### EXTRACTED DATA
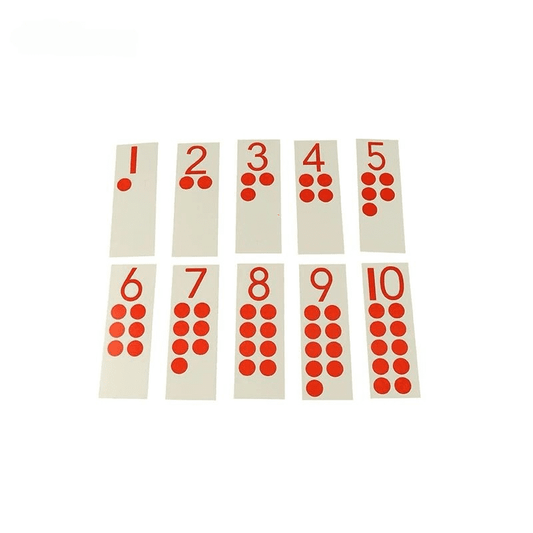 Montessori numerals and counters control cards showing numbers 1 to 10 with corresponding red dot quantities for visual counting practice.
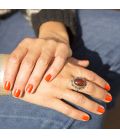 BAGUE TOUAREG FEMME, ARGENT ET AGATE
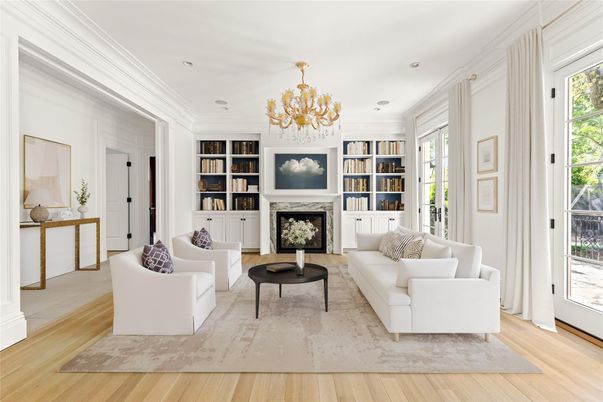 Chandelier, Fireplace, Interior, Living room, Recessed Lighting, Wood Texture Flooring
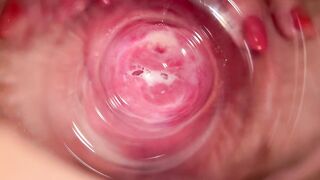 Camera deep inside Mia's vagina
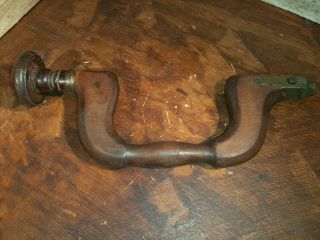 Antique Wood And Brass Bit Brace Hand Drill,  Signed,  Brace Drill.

--

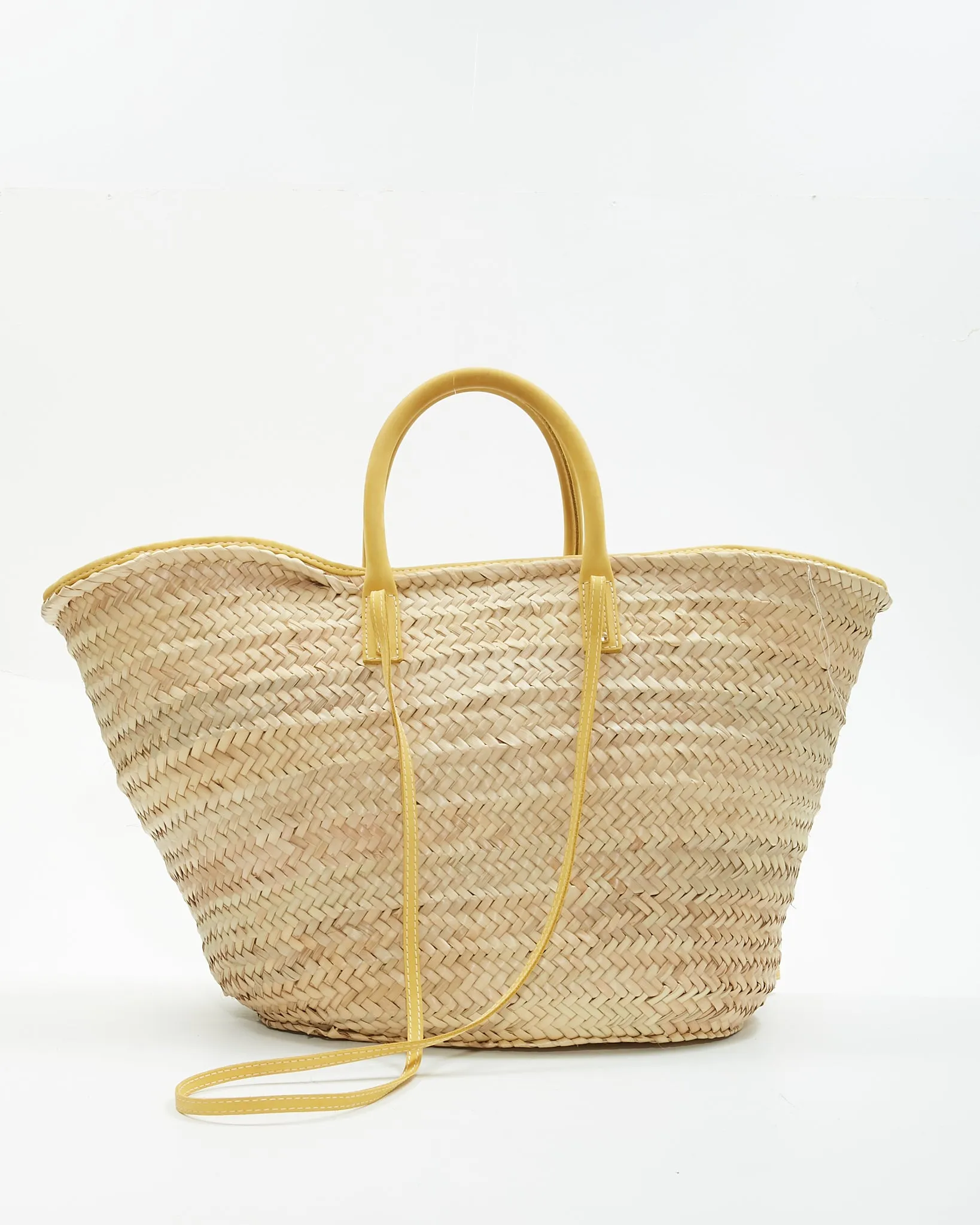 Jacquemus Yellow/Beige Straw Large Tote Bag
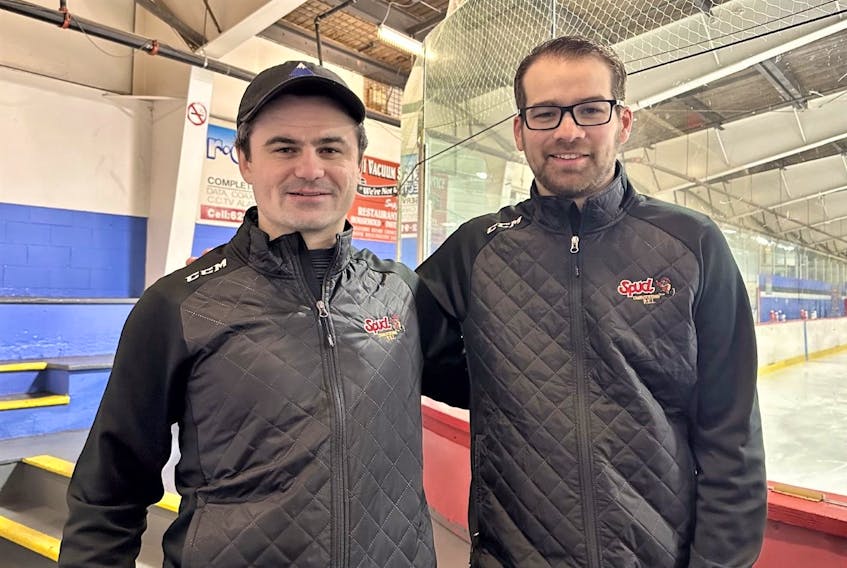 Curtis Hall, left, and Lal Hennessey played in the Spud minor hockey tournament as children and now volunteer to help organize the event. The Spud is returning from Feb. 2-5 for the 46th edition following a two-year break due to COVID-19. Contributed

### DESCRIPTION OF THE TASK
Your answer should be the lines above, word for word, from the line with "Montessori numerals and" through the line with "Chandelier, Fireplace, Interior, Living", minus the pictures.

### TASK ANSWER
 Montessori numerals and counters control cards showing numbers 1 to 10 with corresponding red dot quantities for visual counting practice.
 BAGUE TOUAREG FEMME, ARGENT ET AGATE
 Chandelier, Fireplace, Interior, Living room, Recessed Lighting, Wood Texture Flooring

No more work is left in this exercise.